Civil Society Workshop on Alcohol Control and Industry Tactics in Ghana

20th April 2017

The Vision for Alternative Development (VALD) in collaboration with the IOGT International organized a half day workshop on April 20th, 2017 for a diverse group of civil society organizations aiming to explore the current alcohol situation in Ghana and at the global level, delve into alcohol industry strategies, and to establish the links between alcohol and the Sustainable Development Goals.

The workshop was covered in local press, attracting headlines such as 'VALD Ask Gov’t To Regulate Alcohol Use In Ghana' and 'NGO advocates effective alcohol control in Ghana'.

In his welcome address, Mr. Issah Ali (Executive Director of VALD), explained that despite depictions of alcohol use is part of Ghanaian culture, the current consumption trends and inadequate regulation of alcohol advertising is a source of grave concern for public health.  

Mr. Labram Musah (the Programmes Director of VALD) went on to provide context and discuss the key Provisions of the Ghana National Alcohol Policy (NAP). He explained that there are currently many scattered laws, regulations, and policies on various aspects of alcohol control. Consequently, he argued for the need to pool all these and other policies into one document, which was accomplished for the Public Health Act of 2012 (Act 851).

He stressed that several legislations are currently in existence, but that they are not comprehensive and enforcement has posed challenges – highlighting the need for a central coordinating body to ensure implementation and enforcement.

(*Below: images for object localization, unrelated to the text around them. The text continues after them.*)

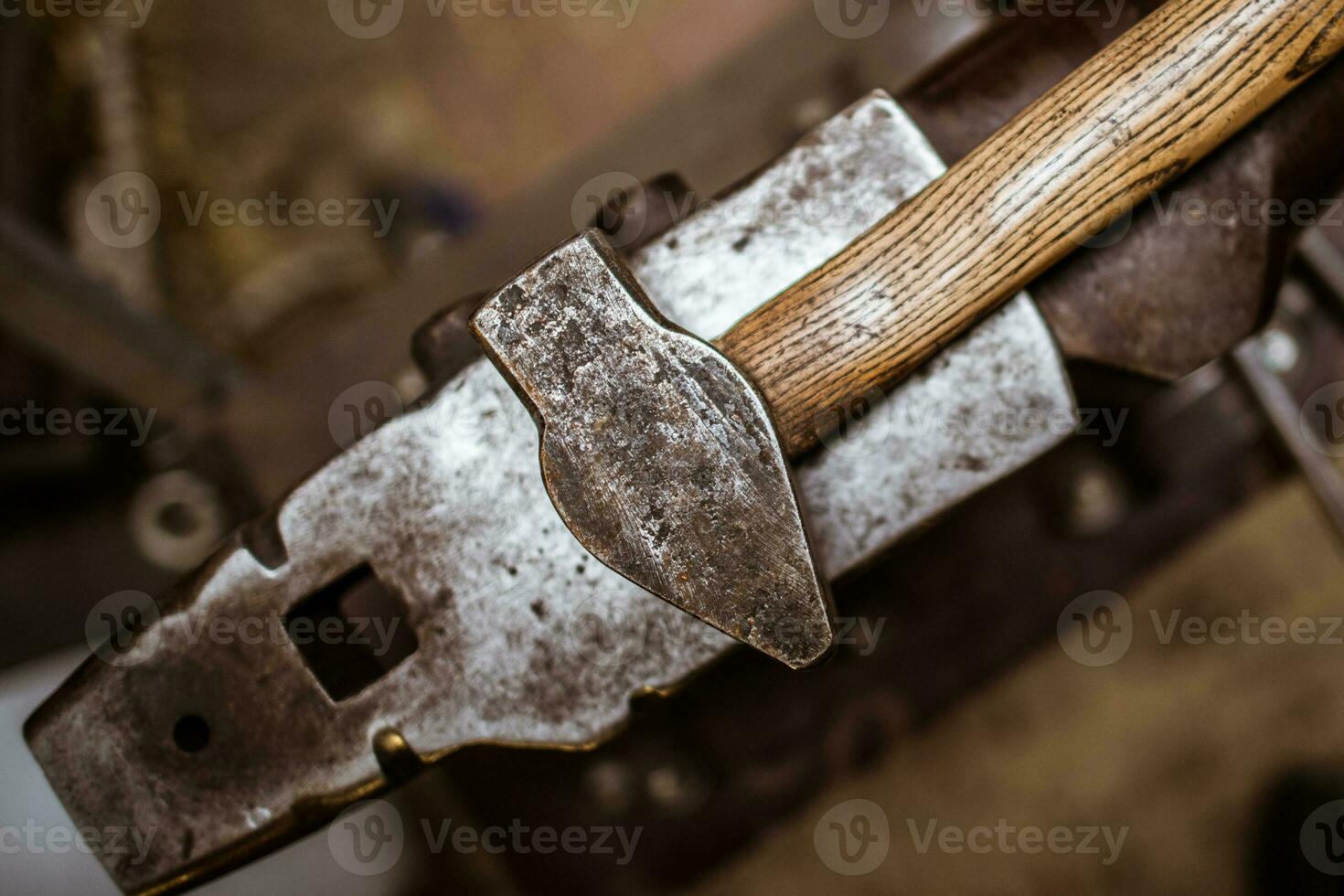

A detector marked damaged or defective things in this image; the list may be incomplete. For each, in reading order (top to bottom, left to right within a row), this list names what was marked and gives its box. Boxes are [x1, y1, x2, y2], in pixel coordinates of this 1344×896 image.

rusted metal surface [897, 0, 1344, 379]
rusted metal surface [23, 92, 1070, 896]
rusted metal surface [470, 235, 827, 668]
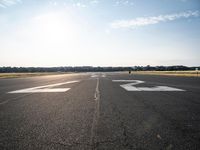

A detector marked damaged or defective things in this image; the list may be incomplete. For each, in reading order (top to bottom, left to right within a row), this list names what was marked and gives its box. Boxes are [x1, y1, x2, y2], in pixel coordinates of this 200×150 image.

cracked asphalt [0, 72, 200, 149]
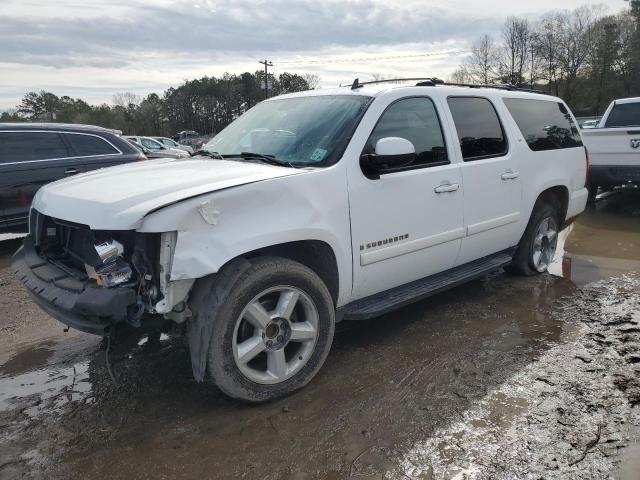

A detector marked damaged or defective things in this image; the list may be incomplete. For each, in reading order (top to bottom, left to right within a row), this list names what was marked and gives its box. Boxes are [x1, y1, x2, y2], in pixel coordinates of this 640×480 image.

Mr. Musah went on to explain how the industry has employed many strategies and tactics in advancing sales, at times by means of corporate social responsibility (CSR) initiative. The following captions and headings were among those cited as strategies to champion the industry agenda:

He added that despite this trend, there has also been some level of support for alcohol control and regulations in the same media channels. The following were presented as some positive news in favor of alcohol control and public calls to regulate the alcohol industry:

Mr. Musah argued that countries have a responsibility for formulating, implementing, monitoring, and evaluating public policies to reduce the harmful use of alcohol. He urged all those present to call on the government to enact appropriate drink-driving policies; reduce demand through taxation and pricing mechanisms; raise awareness of public health problems caused by harmful use of alcohol; and ensure support for effective alcohol policy formulations.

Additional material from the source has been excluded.